Exercise data START

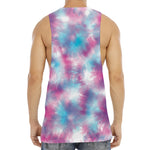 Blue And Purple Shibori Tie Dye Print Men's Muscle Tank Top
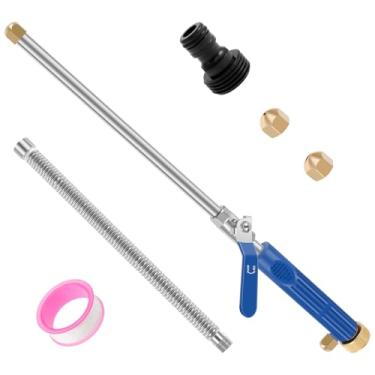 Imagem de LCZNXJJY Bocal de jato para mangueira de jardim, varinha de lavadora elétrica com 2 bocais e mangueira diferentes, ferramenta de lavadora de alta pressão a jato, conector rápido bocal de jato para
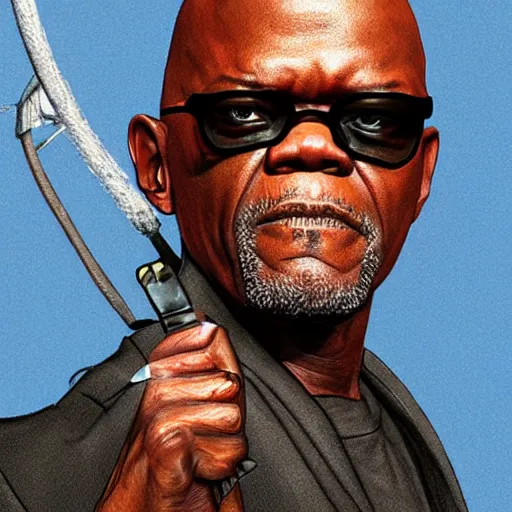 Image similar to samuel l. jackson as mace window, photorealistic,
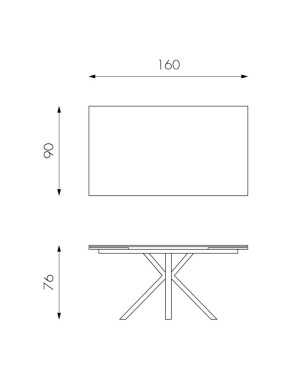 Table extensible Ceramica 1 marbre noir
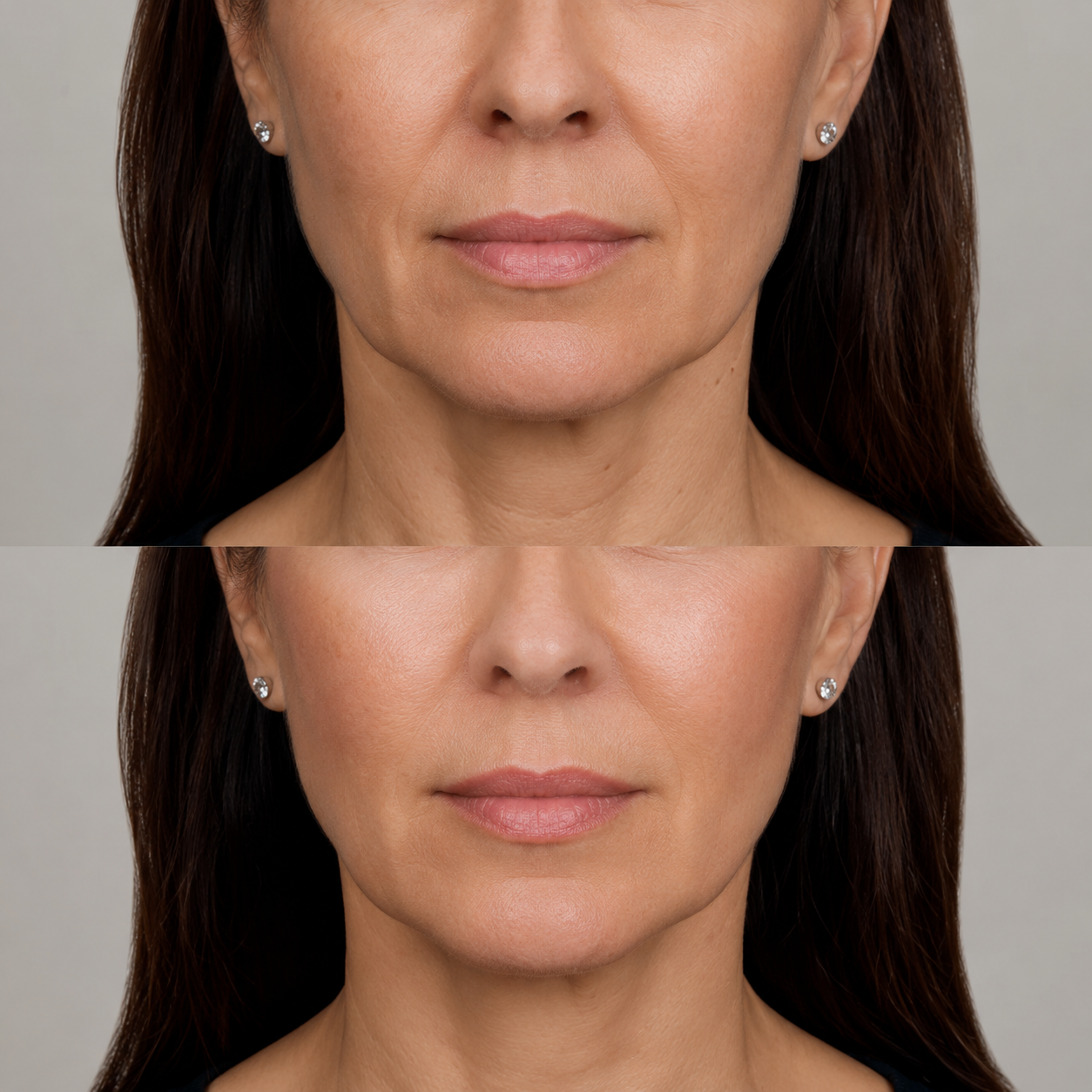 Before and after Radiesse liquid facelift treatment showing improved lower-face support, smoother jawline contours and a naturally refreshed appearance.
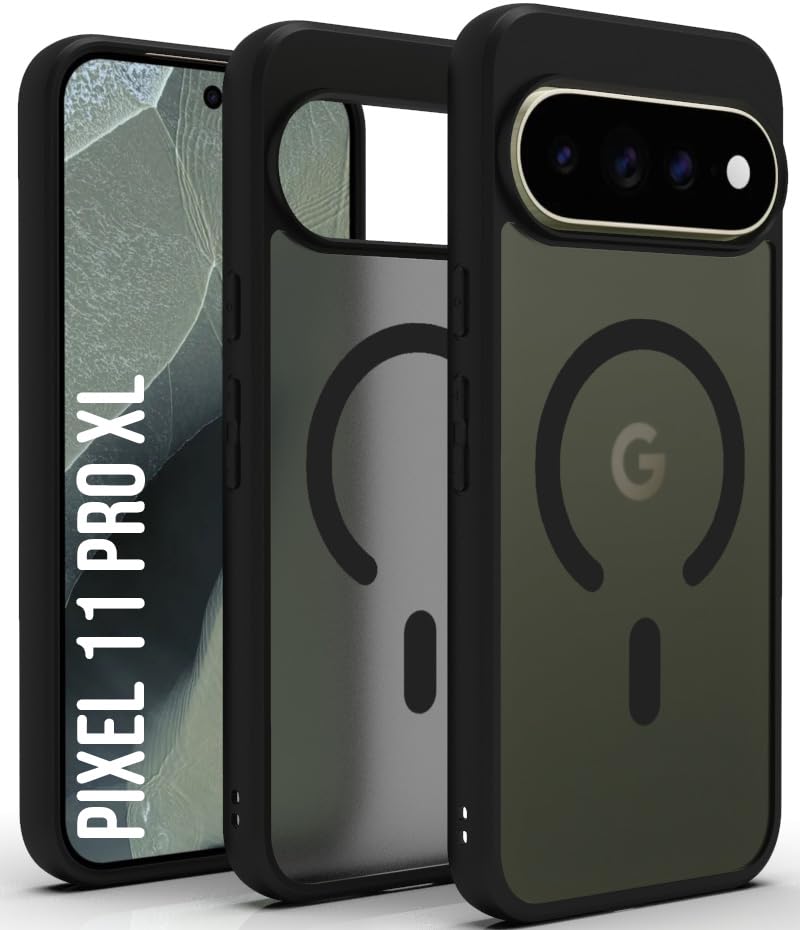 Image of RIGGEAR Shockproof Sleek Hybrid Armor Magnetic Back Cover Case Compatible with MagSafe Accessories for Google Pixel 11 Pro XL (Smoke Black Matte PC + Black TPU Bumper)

Exercise data END

| Directions |
What you give back must match the lines from the start of the records through the line that contains "Table extensible Ceramica 1 marbre noir", exactly, with the pictures left out.

| Completed exercise |
 Blue And Purple Shibori Tie Dye Print Men's Muscle Tank Top
 Imagem de LCZNXJJY Bocal de jato para mangueira de jardim, varinha de lavadora elétrica com 2 bocais e mangueira diferentes, ferramenta de lavadora de alta pressão a jato, conector rápido bocal de jato para
 Image similar to samuel l. jackson as mace window, photorealistic,
 Table extensible Ceramica 1 marbre noir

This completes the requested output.